# How do I get to Seattle from Kent?



## Argentius (Aug 26, 2004)

Okay, seriously.

What is the least crappy way to get to the U district from the southern-ish areas of the sound?

I live in Auburn, and take the Interurban / Green river trails about out to the airport, but then I end up in crappy places that I don't want to be.

Someone led me on a ride once that got to Mercer island pretty smoothly. I have no idea where that is, and this guy moved away.


----------



## Spinnerman (Oct 21, 2004)

*King County Cycling Guide Map*

Here is the link http://www.metrokc.gov/kcdot/roads/bike/map.cfm to the King County Bicycle Guide Map. I've done the ride to the U-District on several occasions from Tacoma. Unfortunately I don't know all of the road names, but I do know the route by landmarks etc. You have three options, after following interurban or interurban/green river trail to I-405 the three options begin:

1. Option one is to continue to follow the trail network along the Duwammish river to the West Seattle Bridge, follow the bike route downtown. From there you either can climb to Capitol Hill and then ride down into the U-Dirstrict or ride through downtown over to Eastlake and then to the U-District or ride Dexter Avenue into Fremont and then pick up the Burke-Gilman to the U-District.

2. Option two is to ride the STP route backward from I-405 through Renton, north on Rainier Ave and then drop down to Lake Washington Blvd and continue north through the Arboretum and cross Montlake into the U-District or follow Interlaken to Eastlake and into the U-District.
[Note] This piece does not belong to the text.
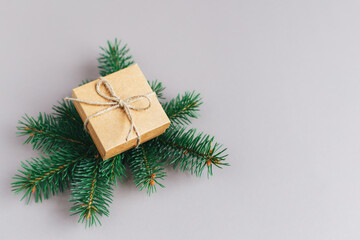 Craft gift box with spruce branch on a grey background. Holiday eco-friendly concept.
3. Option three is to start option two but cut through Renton to the east side of Lake Washington at Colon Park and continue north along the trail to the I-90 trail over to Mercer Island and then Seattle and pick back up at option 2 along Lake Washington.

There probably is not one ideal way, but I have ridden option one many times to Alki and then completed the hilly route coming back to Tacoma following the sound. 
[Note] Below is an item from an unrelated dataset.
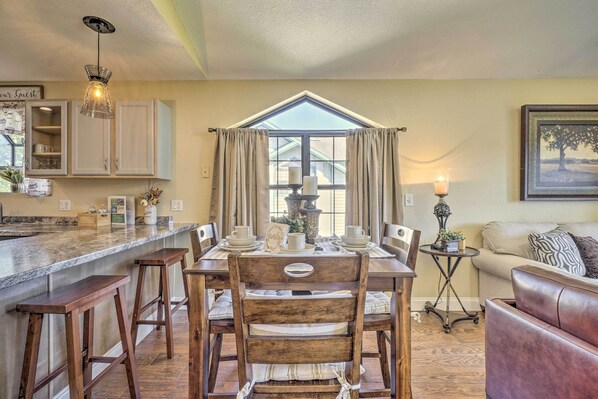 A dining area with a wooden table, chairs, and a kitchen counter. - 1 Block to Branson Strip: Condo w/ Views & Pool! (Branson)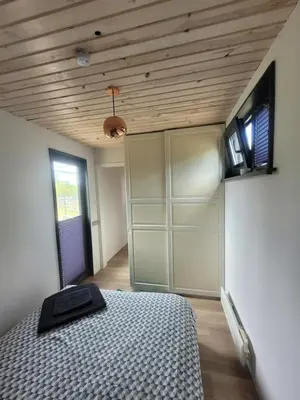 a bedroom with a bed and a wooden ceiling at Tiny House in Alytus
Option 1 can be problematic depending on traffic once you get into downtown Seattle and some people don't like riding through the South Park area of Seattle. I don't mind this stretch but there are a lot of turns to remember.

Option 2 and 3 can have heavy suburban traffic in the Renton area. Option three is longer than two and you don't have to ride through Rainier Valley. 

I think I have given you a long winded explanation that either way, you will have to pick your poison regarding an ideal route. 

Use the map, follow my basic instructions and highlight and write down a turn by turn route that works for you.

Bike Tek in Auburn and King County LIbrary Branches usually have a hard copy of the map that I provided in the link.

Ride Safe


----------



## Argentius (Aug 26, 2004)

Thanks for the link, I'm looking at the map now. Seems like it should provide what I need!


----------



## rcnute (Dec 21, 2004)

What Spinnerman said. I think Option 2 is the best.


----------



## kmc (Oct 16, 2002)

*navigating through Renton*

The trick is navigating through Renton from the Interurban. I live in Pigwallup and ride to work in Renton occasionally. Once you get into Renton, you can take the nornal route around the Lake to get into the U District.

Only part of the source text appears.